From Publishers Weekly

"The ugly marketplace of justice"--as one character terms the judicial process--is scrutinized with a riveting, you-are-there immediacy in the new legal procedural by the author of Compelling Evidence. When attorney Paul Madriani offers to assist a friend--the county's ailing district attorney, who subsequently dies--in investigating six brutal killings, he becomes entangled in a series of machinations that threaten his career and even his private life. Though Martini's plotting proves ingenious (the story is capped off by a nail-biting encounter in a darkened courtroom), the legal maneuvers themselves take center stage here. From the crime scene--the banks of California's Putah Creek--to a deceptively simple arrest to fascinating pre-trial scheming, Martini packs his novel with the quotidian details of the wheels of justice--and the numerous cogs therein. Madriani's first-person, present-tense narration invigorates the often intricate proceedings with first-rate wisecracks and one-liners. His character descriptions are by turns pithy and funny (frequently both): the prosecuting attorney "looks like nothing so much as Robert Duvall's incarnation of the Great Santini"; the county's female victim-witness coordinator is "the crime victim's answer to Don Corleone in drag . . . known as 'Attila the Hen.' " Prime is indeed the word for this involving read.
Copyright 1993 Reed Business Information, Inc.

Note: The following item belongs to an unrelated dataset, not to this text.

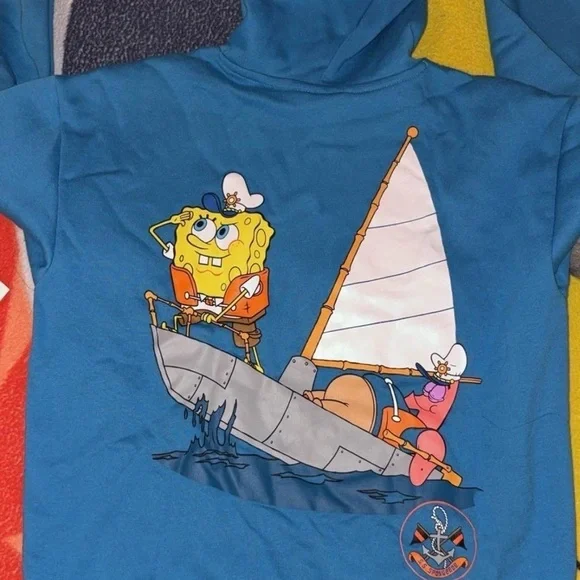 BNWOT Old Navy Licensed Hoodies - Picture 5 of 6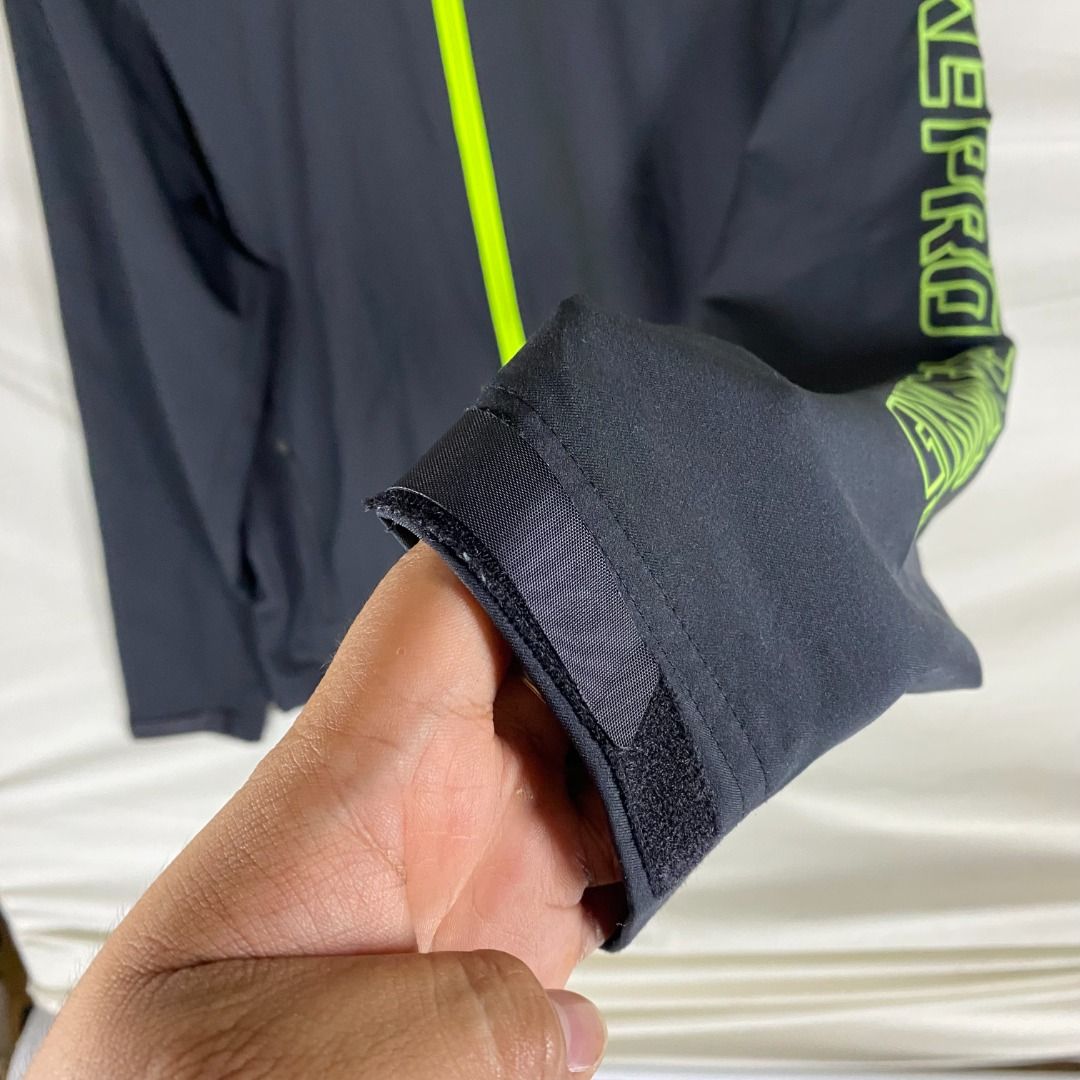 Nike Pro Training Dri-FIT Full-Zip Woven Jacket / Size Large (Category: Activewear) located in Antipolo. Submitted by canadafindss (Listing ID 1469405978, Image 3). Description: Visit & Follow Canada Finds for more premium thrift, streetwear, vintage, techwear, activewear, and branded finds from Canada 🇨🇦 More items posted regularly: https://www.carousell.ph/u/canadafindss Nike Pro Training Dri-FIT Full-Zip Woven Jacket / Size Large High-visibi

From School Library Journal

YA-When Paul Madriani agrees to fill in temporarily as Special County Prosecutor, he has no idea that he will become involved in a serial murder case. The search for the "Putah Creek Killer" leads to the arrest of a college security guard, Andre Iganovich. Adrian Chambers, the defense counsel, has a shady professional past and a deep-seated dislike for Madriani, who was instrumental in the attorney's previous suspension from the bar association. As the evidence unfolds, discrepancies between the first two double murders and the third one become apparent, leading the prosecution to believe that a copy-cat murderer is on the loose. Threats against Madriani's family, legal posturing, the identification of a witness to the third set of murders, and a killer's desperation combine to produce a thrilling story.
Grace Baun, R.E. Lee High School, Springfield, VA
Copyright 1994 Reed Business Information, Inc.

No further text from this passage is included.